I didn’t know what to do, or even what to say other than hold Lynda after her traumatic lost this afternoon.
I got a phone call from my neighbour mid afternoon telling me his maid had phoned him and told him that the dogs had killed one of our cats so I dropped everything and rushed home fearing the worse. Chocking back the tears, I phoned Lynda as I was leaving work and she too rushed home.
Arriving home I found everything eerie quiet, no cats, no neighbour's dogs, and my dogs acting nervous. Three cats where outside Little Boy, Shammy, and Ali, when we left for work this morning but I searched and found none of the cats anywhere so I went to the neighbour’s place to seek out the maid to ask her where our dead cat was but she would not answer the door. Eventually the neighbour’s young daughter answered the door, she must have been sick as she was not at school, she told me that their pack of Jack Russells attacked our cat by our back door and that the maid put the body into a bucket by the door.
Lynda arrived by the time I had walked back to our kitchen door and together we found a poor cat ripped to shreds dead in a bucket.
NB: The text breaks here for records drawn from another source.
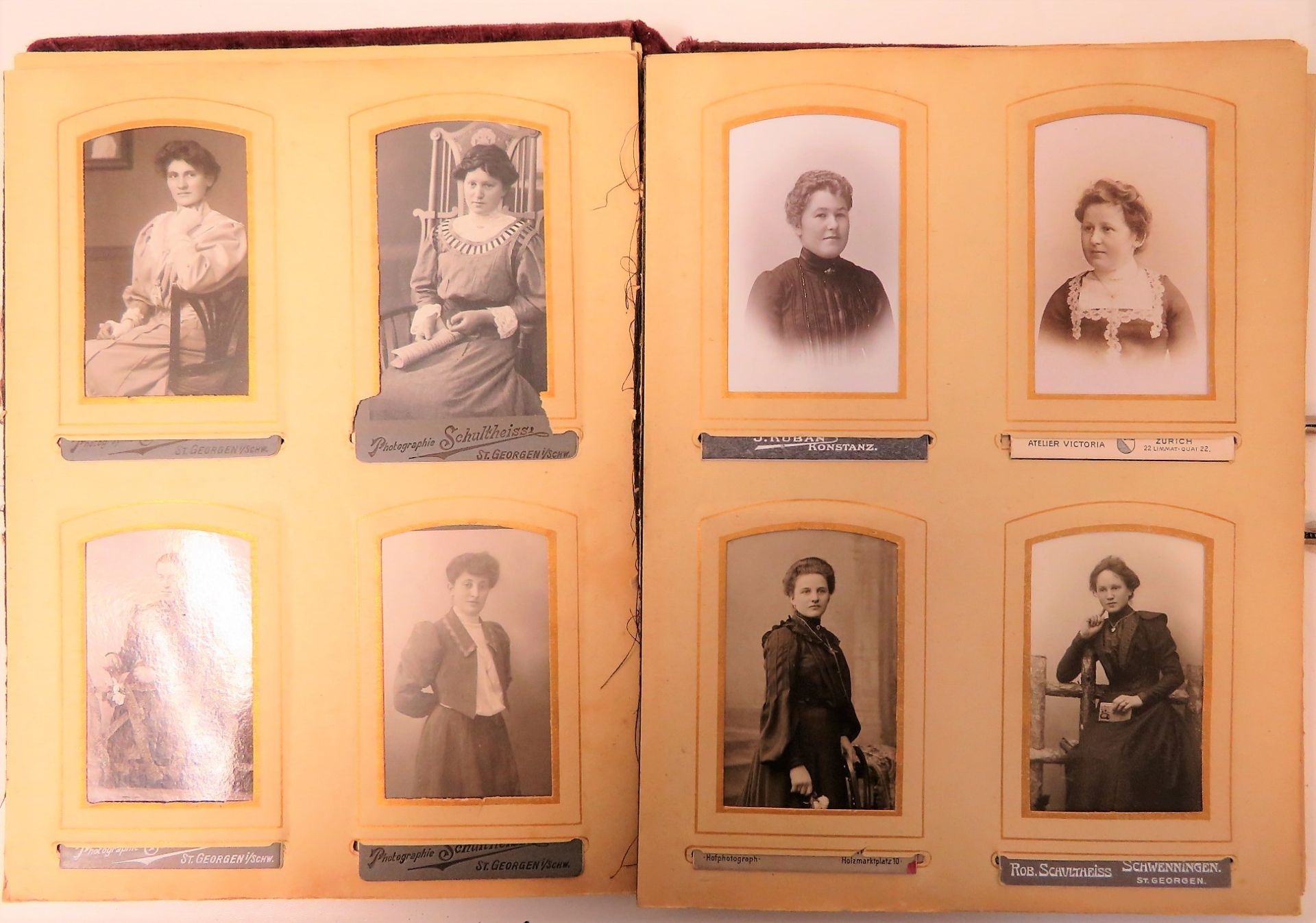 Fotoalbum mit 64 alten Fotografien, um 1900.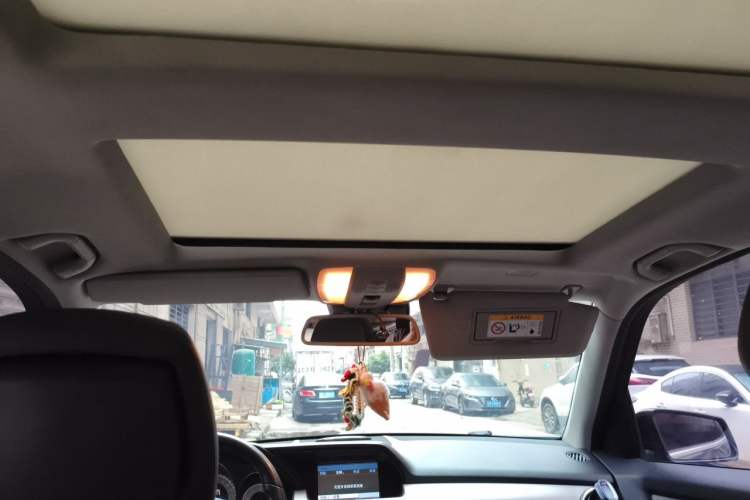 Used Mercedes-Benz GLK-Class 2013 GLK 300 4MATIC Dynamic Sunroof Model Headliner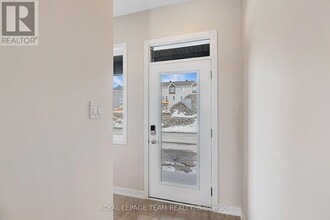 668 Expansion Rd in Ottawa, ON - Building Photo - Building Photo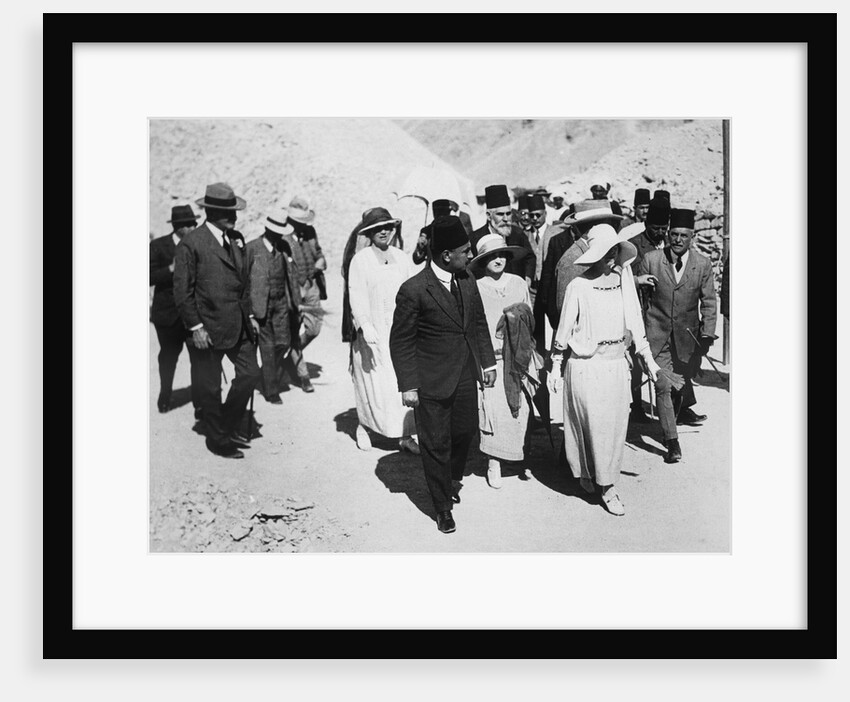 Distinguished visitors to the Tomb of Tutankhamun by Harry Burton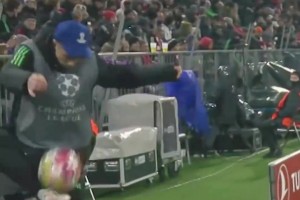 球技如何？安聯(lián)球童在歐冠與場邊熱身的特爾練習傳球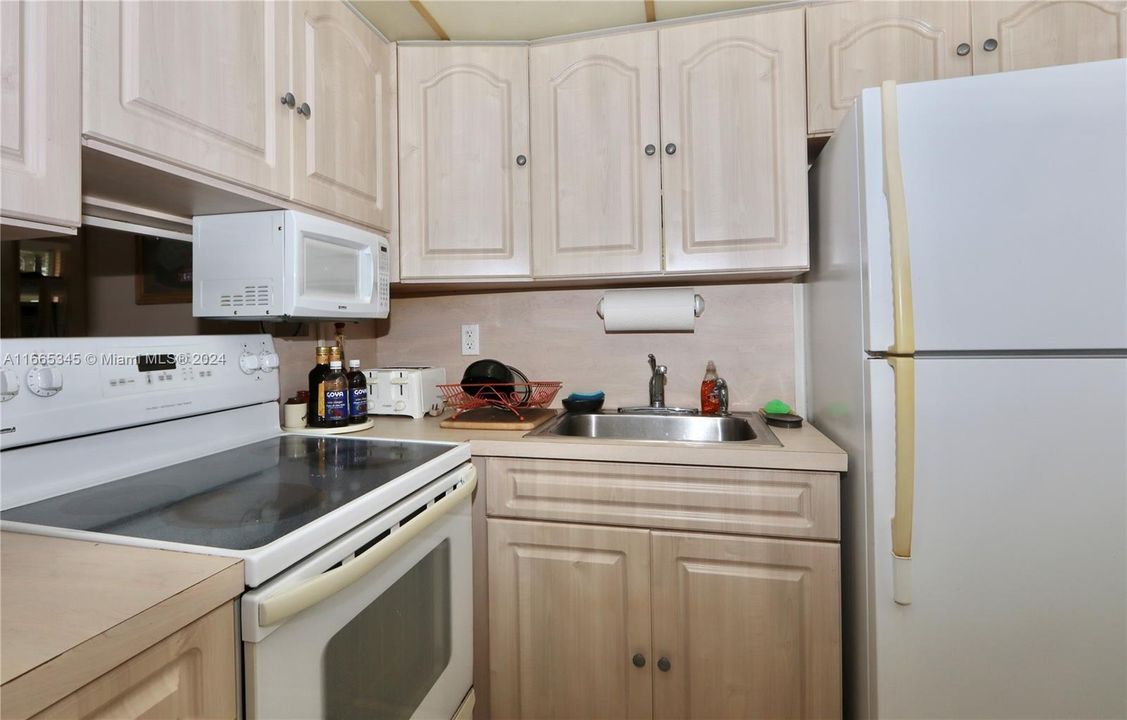 For Sale: $147,000 (1 beds, 1 baths, 768 Square Feet)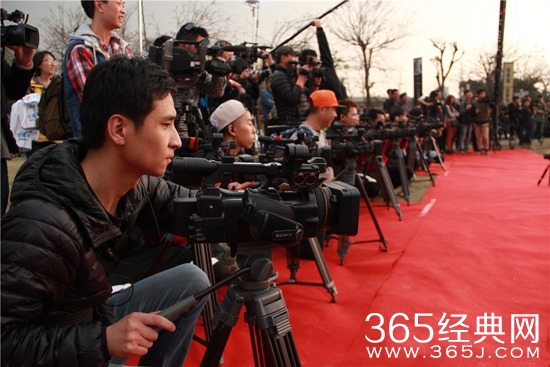 揭密《奔跑吧兄弟》制作团队：那些流水线工人、电视手艺人的背后故事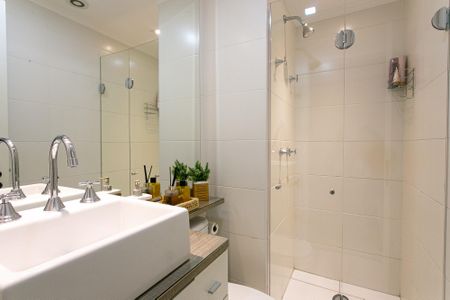 Apartamento à venda com 58m², 2 quartos e 1 vagaBanheiro Social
It was so bad that I didn’t even know which cat it was at first and a sobbing broken Lynda had to identify Little Boy. Thankfully the cats that were inside and our dogs were all accounted for but now we started looking for the two missing cats praying hard that they had managed to escape the viciousness of a pack of dogs.
At first I found the one of the cat’s safe zones, all messed up and turned over by a mob of dogs by the look of the patio but no cats, then arriving at the other safe zone I found Ali’s body lying there in the dirt all messed up inside the safe zone. Those %#^@!&^ Jack Russels broke through into the safe zone and poor Ali didn’t stand a chance. Fearing the worst, Lynda and I search and searched for Shammy and nothing.
We buried Little Boy and Ali and then widened our search into the veld around our property. During our widened search area, I spoke to the farmer next door and he said he saw a cat flying like a bat out of hell past him fleeing a large dog commotion on our property inside the cats safe zone and that the cat continued fleeing into the veld. Thankfully this meant that Shammy was alive although not out of the woods yet as the veld is kilometres large and big bad jackals call it home.
Sadly we had to call off our search when it got too dark. Not feeling like supper we battened down the hatches and praying that Shammy was safe as the jackals started howling ever closer. Just after nine o’ clock, Shammy appeared hungry and scared at the window, not knowing that his two brothers were dead. Thank goodness he is safe, and now we live in fear as to who is next, not even my Italian Greyhound dogs are safe from this pack of Jack Russels. Patch is over 90 years old in human terms and as pack instinct goes they love taking out the weakest or the sick first.
Our animals are now locked up inside, prisoners in their own home. Lynda and a neighbour's daughter has been bitten, now two cats have been torn apart by these dogs. Who is next?